Microsoft has announced that it will publish the technical implementation details of the exFAT standard and allow support to be integrated into the Linux kernel at a future date. This is a major change for Microsoft, which once weaponized its FAT patents. While Samsung has published a GPL driver for exFAT back in 2013, patent encumbrances have prevented the driver from being distributed as part of Linux.

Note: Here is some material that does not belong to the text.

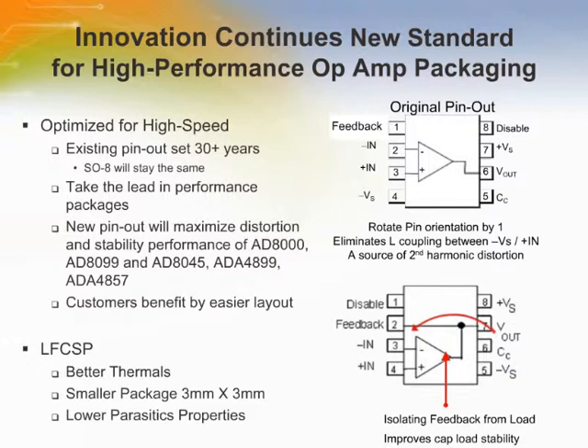The SOIC package is the standard 8-pin package that has been around for decades, but features a little twist. They've added a dedicated feedback pin on pin 1 of the SOIC, which greatly simplifies PC board layouts. The pinout helps isolate the output from the load, which improves capacitive load stability.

That can now change, if the driver is included in future versions of the Linux kernel. But as Phoronix noted, discussion on the mailing list has been critical of the pre-existing driver code, which was tagged for inclusion in the kernel following the Microsoft announcement. Christoph Hellwig, a longtime Linux developer, called it “a pile of crap,” saying:
It basically is a reimplementation of fs/fat/ not up to kernel standards with a few indirections thrown in to also support exfat. So no amount of work on this codebase is really going to bring us forward. Instead someone how can spend a couple days on this and actually has file systems to test it just needs to bring the low-level format bits over to our well tested fs/fat codebase instead of duplicating it.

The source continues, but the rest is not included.